Kelle: I remember you started really strong, but when you started failing–when you had to slow down or take a break, the old negative self talk just came flooding back.
Heidi: I remember you made a rule on that run. You told me that every time I said something negative about myself, I had to fix it by following with a positive inverse. And I was bitching non stop, so there were a lot of inverses. Remember at one point I said, “I’m seriously going to die right now,” and you gave me the look, so I followed with, “I’m going to die, but it’s not going to be today, bitch.” And when I said, “I’m going to puke,” I fixed it with, “I mean I’m going to puke, but that’s okay because I love puke.” And we had to stop because we were laughing so hard. But there were so many other runners who were working hard that day. I remember noting a lady–she was older and overweight–and she was speed walking faster than I was running. And then at one point, to make me feel better, you said, “But look! There’s a 10-year-old behind us. You’re beating the 10-year-old!” And right as you said that, the 10-year-old sprinted past us–and she was aggressive about it. You were like, “I guess we don’t have that anymore.” We laughed a lot during that race. And I, of course, cried. But I did it. I crossed the finish line, probably last, and my kids were there and ran to hug me. I had a migraine for the rest of the day, but I also got to say I ran a 5K after I said I was going to do it–even though I couldn’t run a block two months earlier. I remember the mantra I kept telling myself through the whole thing: “You can go longer. You can go further.” And that’s been my mantra through a lot of things this year.

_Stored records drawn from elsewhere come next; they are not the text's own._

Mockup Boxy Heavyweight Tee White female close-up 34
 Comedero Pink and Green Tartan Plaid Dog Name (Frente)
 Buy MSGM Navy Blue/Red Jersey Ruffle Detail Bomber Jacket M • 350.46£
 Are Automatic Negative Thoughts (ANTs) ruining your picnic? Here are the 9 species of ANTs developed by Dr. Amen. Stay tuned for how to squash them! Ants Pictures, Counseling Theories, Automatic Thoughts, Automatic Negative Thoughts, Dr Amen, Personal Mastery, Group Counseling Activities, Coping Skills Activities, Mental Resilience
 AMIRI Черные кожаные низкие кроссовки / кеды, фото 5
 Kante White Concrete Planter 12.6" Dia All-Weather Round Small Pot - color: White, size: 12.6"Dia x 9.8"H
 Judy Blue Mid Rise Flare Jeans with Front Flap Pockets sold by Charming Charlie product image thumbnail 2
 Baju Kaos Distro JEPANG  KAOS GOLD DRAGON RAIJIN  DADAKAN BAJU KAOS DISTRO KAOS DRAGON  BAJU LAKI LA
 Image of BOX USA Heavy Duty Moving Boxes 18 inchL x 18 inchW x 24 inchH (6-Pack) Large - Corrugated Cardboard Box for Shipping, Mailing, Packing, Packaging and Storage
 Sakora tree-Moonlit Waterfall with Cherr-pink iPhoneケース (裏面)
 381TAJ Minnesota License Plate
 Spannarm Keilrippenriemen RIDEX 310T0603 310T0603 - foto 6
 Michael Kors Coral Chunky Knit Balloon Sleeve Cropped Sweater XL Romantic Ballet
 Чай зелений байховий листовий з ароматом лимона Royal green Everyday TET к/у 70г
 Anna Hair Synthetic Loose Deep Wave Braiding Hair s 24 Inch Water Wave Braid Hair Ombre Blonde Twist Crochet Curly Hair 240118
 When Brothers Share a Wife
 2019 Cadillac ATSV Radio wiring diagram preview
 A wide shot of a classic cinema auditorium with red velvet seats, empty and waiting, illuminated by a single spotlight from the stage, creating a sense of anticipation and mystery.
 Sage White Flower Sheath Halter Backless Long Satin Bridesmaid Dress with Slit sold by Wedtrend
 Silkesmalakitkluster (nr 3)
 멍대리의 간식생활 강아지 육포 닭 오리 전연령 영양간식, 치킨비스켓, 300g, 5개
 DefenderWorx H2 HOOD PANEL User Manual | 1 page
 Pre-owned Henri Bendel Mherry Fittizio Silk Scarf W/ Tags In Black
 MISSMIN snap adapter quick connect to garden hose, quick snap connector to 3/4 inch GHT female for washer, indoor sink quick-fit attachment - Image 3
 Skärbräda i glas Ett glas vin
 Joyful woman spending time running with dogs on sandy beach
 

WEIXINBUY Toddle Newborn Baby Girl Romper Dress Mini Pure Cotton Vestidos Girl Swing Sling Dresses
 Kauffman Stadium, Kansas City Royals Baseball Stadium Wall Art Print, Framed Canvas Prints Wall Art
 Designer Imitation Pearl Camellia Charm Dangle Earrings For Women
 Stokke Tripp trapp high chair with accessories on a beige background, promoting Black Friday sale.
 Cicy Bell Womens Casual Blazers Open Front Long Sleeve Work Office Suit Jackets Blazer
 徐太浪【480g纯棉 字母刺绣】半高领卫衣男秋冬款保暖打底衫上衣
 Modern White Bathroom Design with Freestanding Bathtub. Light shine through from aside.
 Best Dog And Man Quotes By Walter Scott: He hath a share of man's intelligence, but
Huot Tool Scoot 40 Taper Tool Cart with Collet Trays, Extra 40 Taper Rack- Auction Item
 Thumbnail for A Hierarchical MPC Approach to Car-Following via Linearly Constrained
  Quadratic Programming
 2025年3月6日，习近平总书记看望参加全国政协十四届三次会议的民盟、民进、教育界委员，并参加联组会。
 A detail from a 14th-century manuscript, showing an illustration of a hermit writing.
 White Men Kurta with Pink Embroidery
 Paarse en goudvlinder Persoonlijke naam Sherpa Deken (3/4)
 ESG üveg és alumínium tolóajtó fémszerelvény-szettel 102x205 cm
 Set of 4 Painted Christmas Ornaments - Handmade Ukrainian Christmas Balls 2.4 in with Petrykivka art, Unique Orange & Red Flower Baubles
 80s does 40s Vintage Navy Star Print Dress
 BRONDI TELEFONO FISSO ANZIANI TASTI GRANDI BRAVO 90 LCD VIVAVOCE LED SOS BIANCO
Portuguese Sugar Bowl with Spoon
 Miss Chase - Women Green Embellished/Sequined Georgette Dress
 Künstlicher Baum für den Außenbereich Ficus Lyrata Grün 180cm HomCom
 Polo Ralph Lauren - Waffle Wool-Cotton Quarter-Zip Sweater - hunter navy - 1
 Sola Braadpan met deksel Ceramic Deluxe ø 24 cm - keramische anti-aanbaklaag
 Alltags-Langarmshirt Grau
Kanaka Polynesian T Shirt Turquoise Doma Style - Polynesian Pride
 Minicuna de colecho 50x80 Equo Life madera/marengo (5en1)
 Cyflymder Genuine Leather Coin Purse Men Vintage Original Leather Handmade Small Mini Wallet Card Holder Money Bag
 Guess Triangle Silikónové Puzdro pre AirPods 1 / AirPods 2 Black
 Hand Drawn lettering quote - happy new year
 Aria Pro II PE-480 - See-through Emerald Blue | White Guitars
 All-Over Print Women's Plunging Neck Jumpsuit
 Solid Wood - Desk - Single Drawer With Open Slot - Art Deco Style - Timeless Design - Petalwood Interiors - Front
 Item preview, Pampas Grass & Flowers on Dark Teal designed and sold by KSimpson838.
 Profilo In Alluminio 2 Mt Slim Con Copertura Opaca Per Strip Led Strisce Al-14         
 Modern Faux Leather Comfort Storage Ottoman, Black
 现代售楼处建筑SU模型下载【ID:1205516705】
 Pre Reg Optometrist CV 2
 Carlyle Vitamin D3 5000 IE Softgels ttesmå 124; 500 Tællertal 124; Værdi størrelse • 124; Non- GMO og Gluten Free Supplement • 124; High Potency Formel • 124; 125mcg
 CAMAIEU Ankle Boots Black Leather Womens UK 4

Kelle: Just for fun–I know music is a huge motivator for all of us. I know people who have gone through big things listening to the same song over and over for comfort, and I know music can be a powerful motivator for workouts. What are three songs you have on repeat during workouts.
Heidi: Don’t Give up on Me by Andy Grammar. When the song was playing, I would tell myself the song was about my kids, but let’s face it–it was probably about me. Lizzo for sure. And then Madonna and Britney Spears.
Kelle: There are so many women out there right now who don’t feel good about themselves. Maybe it’s their body, maybe it’s unhealthy patterns. Maybe it’s the fact that they’ve tried to reach a goal over and over, and they’re not getting there. Maybe they feel really stuck. What would you say to them to help them get started?
Heidi: Do it for you. Make the choice to do it for yourself, and if that’s hard to do, ask yourself why. Be willing to face truths about yourself and recognize patterns. Be willing to own choices that got you where you are, but then own the truth that you can change those patterns any time you want. You can make new choices. Also, you can’t do it alone. Find support. Ask your friends, find cheerleaders, find accountability partners. Invite people in.
Kelle: I love you so much, and I’m so proud of you. I don’t care what you look like, but the confidence you’ve found through this makes me so happy. I always want to see you at your best self, no matter what that is, and seeing you work so hard to achieve that is inspiring.